The Key To Success In Stock Investing: Institutional Sponsorship And Smart Analyzing
When investing in stocks, there are a few key factors to consider.
One of the most important is whether or not there are institutional sponsors for the stock.
Obtaining institutional sponsorship is essential to driving stock prices higher and helping individual investors achieve a greater return on their investments.
Big institutions in the United States provide mutual funds consisting of different stocks bundled into one investment option.
It’s worth taking the time to check which stocks these experts pick when managing these funds as well.
Pay attention to what the best performing funds are doing and research what their top holdings are; this way, you can take advantage of those stocks and watch them rise in your own portfolio.
Get familiar with the stock-picking philosophy outlined by fund managers; reviewing prospectuses will tell you which techniques they use and kinds of stocks they’ve purchased.
Nonetheless, it’s important not to forget about due diligence; sometimes, fonds may become “over-owned” by big institutions and not perform as expected or even see its prices decrease in value.
Monitor The Market Yourself To Spot Changes And Avoid Unexpected Losses
It’s important to monitor the performance of the general market if you want to make money in stocks.
This means taking a close look at big stock indices such as S&P 500, Dow Jones Industrial Average, and Nasdaq Composite.
These can be accessed online and give you an idea of how stocks are doing as a whole.
For instance, if you see that stocks open high and close low each day, then there may be evidence of a bear market where prices are falling.
On the other hand, if you see stocks opening weakly but closing strongly, it could signify the beginnings of a bull market.
Keeping track of these trends on a regular basis is critical for judging the state of the market and making profitable investments.

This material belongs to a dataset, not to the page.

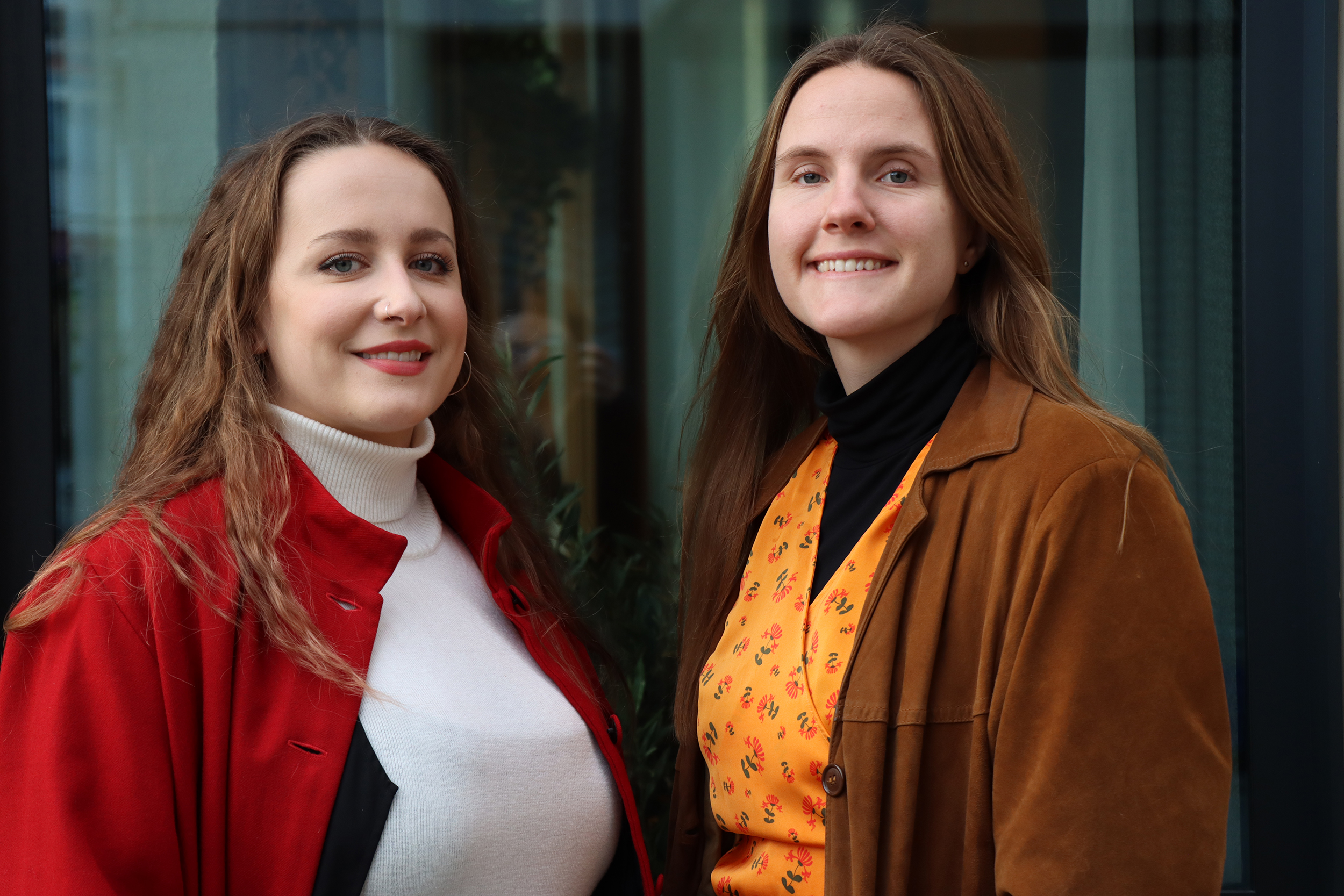 Två tjejer tittandes in i kameran och ler.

By staying up to date on what’s happening in the markets, you won’t get surprised by sudden market changes or large losses due to not being aware of when to buy or sell stocks.
Ignoring broader trends in favor listening exclusively to financial experts or reading investor newsletters will also cost you precious time and money: what’s better than observing the markets firsthand?
Wrap Up
The How to Make Money in Stocks Book has many pieces of actionable advice that can be taken away from it.
Here is a final summary for its key points:
Firstly, it is essential to learn how to read stock-price patterns and look out for the Cup with Handle pattern.
Furthermore, be sure the chosen stock is sound – industry leader status is ideal with an innovative product or service and increasing earnings.
Lastly, take note from the top fund managers but make sure to do your own research on each investment opportunity.
In conclusion, one important thing to remember when investing in stocks is to cut your losses!
If a stock takes a plunge of 8 percent below your buy-in price, it’s best to sell before you incur further losses.
This way, you can guarantee that some of your investments will turn into profitable wins.